= Beginning of Section =

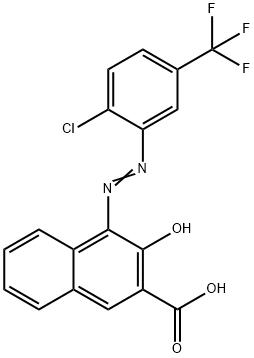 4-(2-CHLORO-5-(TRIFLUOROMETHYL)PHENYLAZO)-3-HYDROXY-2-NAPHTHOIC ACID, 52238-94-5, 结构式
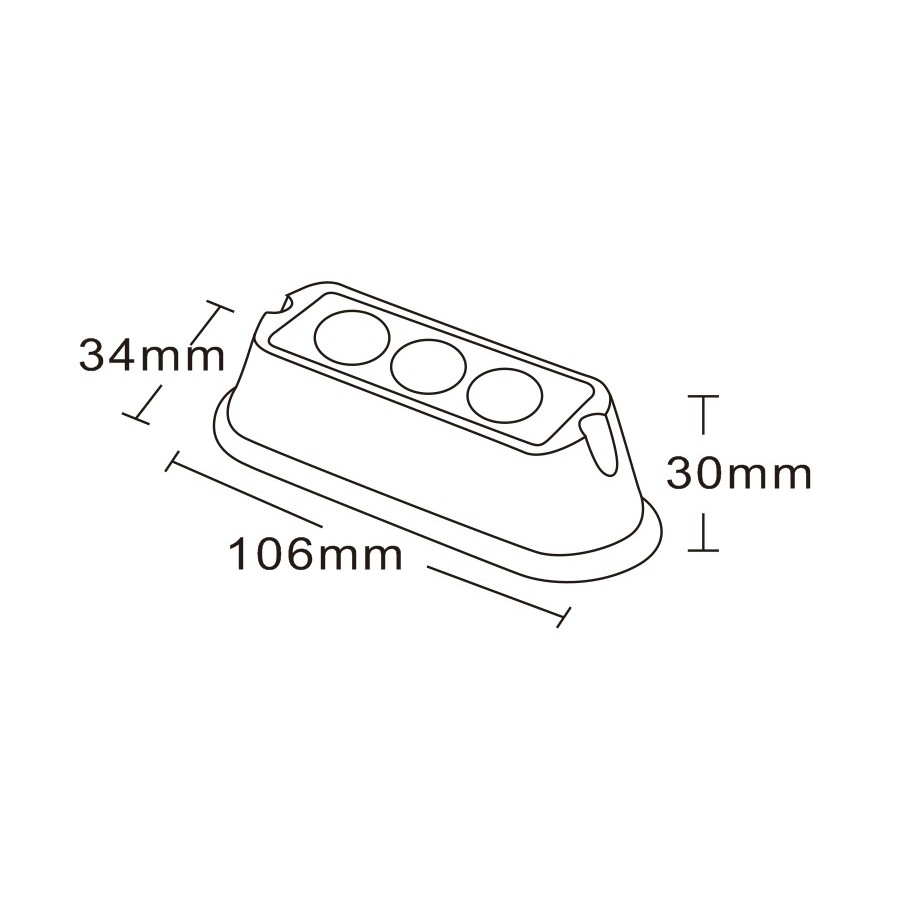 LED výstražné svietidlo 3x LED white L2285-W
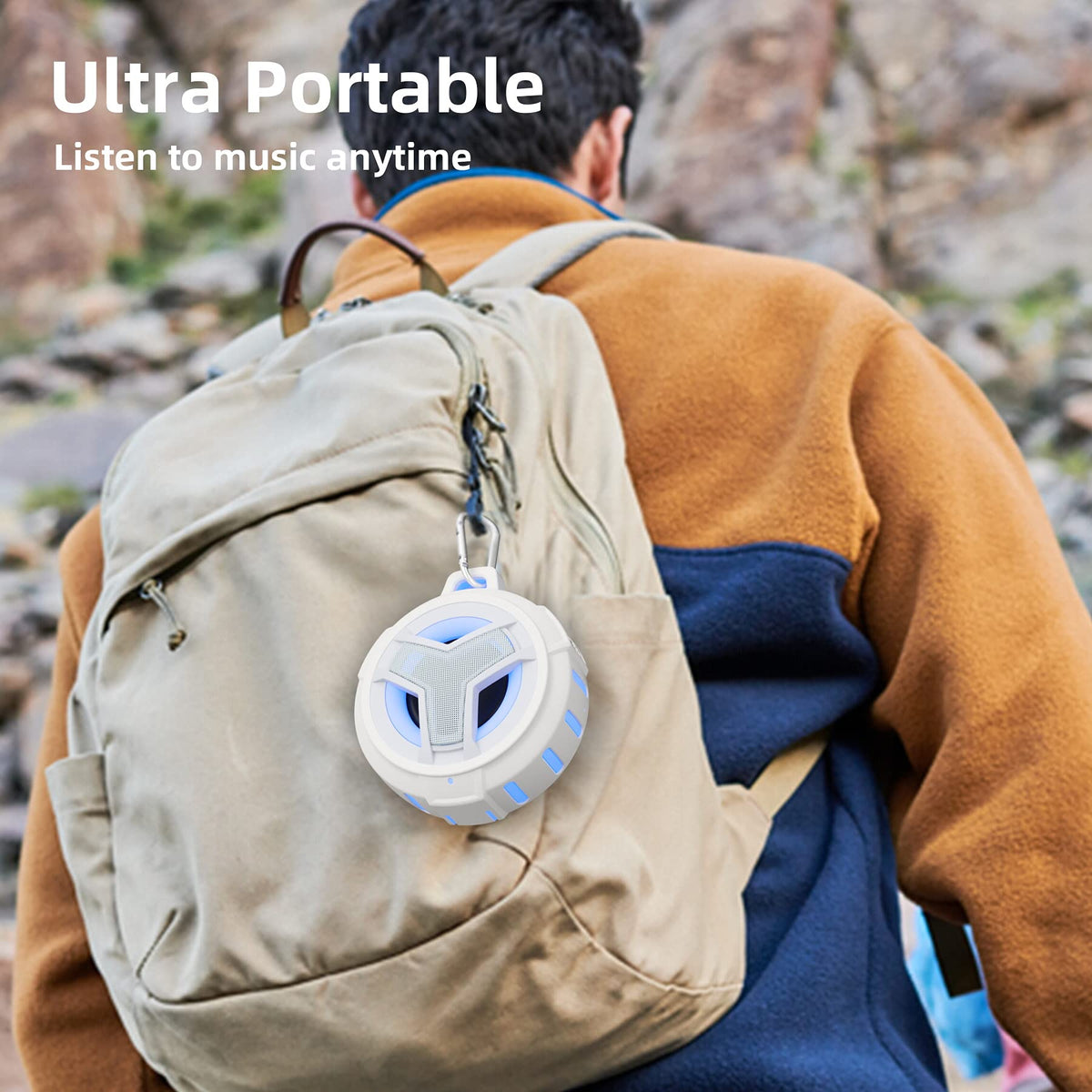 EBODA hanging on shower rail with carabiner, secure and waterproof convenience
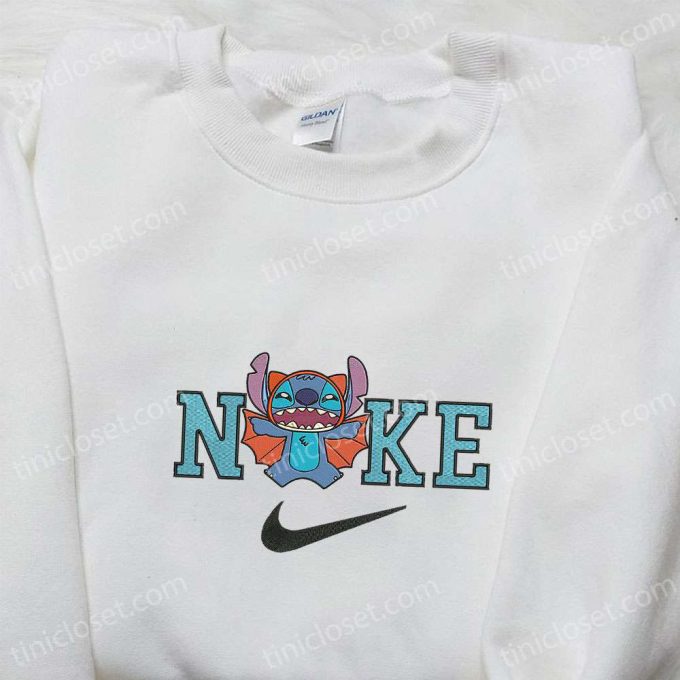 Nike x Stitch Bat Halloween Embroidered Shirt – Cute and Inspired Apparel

= End of Section =

Task instructions: Pictures are to be dropped, and the remaining data set down exactly.

Worked solution:
 4-(2-CHLORO-5-(TRIFLUOROMETHYL)PHENYLAZO)-3-HYDROXY-2-NAPHTHOIC ACID, 52238-94-5, 结构式
 LED výstražné svietidlo 3x LED white L2285-W
 EBODA hanging on shower rail with carabiner, secure and waterproof convenience
 Nike x Stitch Bat Halloween Embroidered Shirt – Cute and Inspired Apparel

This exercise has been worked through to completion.